Son appel aux citoyens pour obtenir un «deuxième mandat» ne dupe cependant personne. Les libéraux sont au pouvoir depuis longtemps et il fait partie de la famille.

Dans un format de débat plus serré que celui de la semaine dernière à Radio-Canada et un animateur plus prompt à intervenir, Manon Massé n’a pas autant peiné à trouver son temps de parole.

Elle fut excellente, autant que peut l’être la leader d’un parti audacieux qui souffre d’un déficit de crédibilité. Elle avait le ton juste, capable d’attaques féroces contre les idées des autres tout en respectant les personnes qui les portent.

Son mot de clôture était particulièrement réussi, y reprenant des mots clés de sa soirée: courage, authenticité et ambition.

Mes adversaires, ce ne sont pas les trois autres chefs de parti, c’est la peur du changement, a-t-elle plaidé.

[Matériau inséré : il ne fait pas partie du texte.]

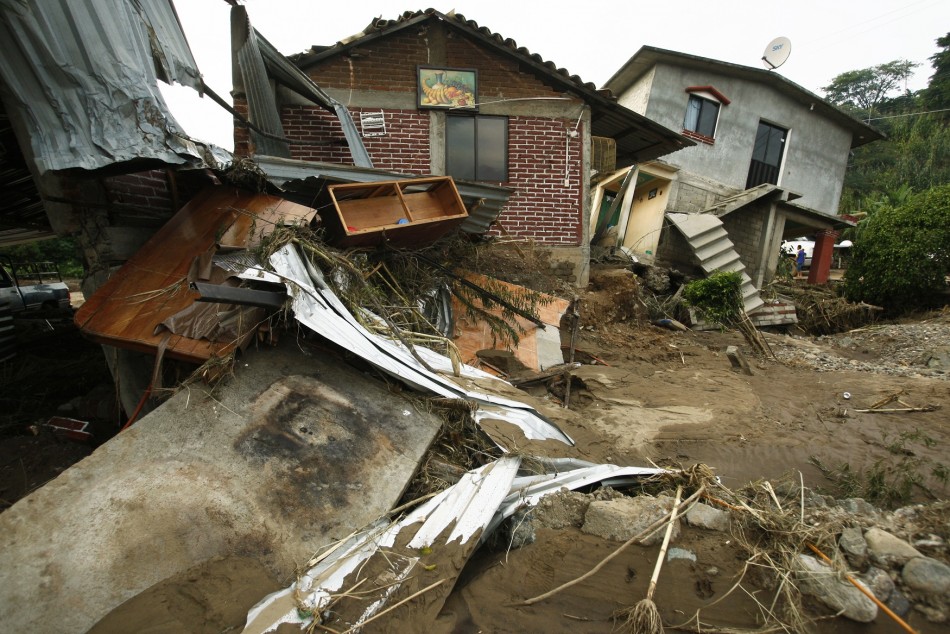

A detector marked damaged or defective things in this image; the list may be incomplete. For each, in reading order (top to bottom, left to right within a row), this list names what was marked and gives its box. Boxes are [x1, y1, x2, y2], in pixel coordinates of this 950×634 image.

torn metal siding [0, 0, 210, 173]
crumpled metal sheet [0, 0, 212, 173]
torn metal siding [249, 154, 510, 236]
broken concrete block [724, 346, 756, 376]
broken concrete block [584, 494, 680, 544]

Mme Massé n’a peut-être pas imposé une idée forte qui aurait forcé la main aux autres chefs comme l’avait fait à l’époque Françoise David avec les personnes âgées. Mais, elle sort grandie de l’exercice.

Avec lequel des chefs aimeriez-vous prendre une bière, demande-t-on parfois dans les sondages? Jeudi soir, j’aurais dit Manon Massé. Il y a des soirs comme ça où on se prend à vouloir changer le monde. D’autres où on se sent plus paresseux.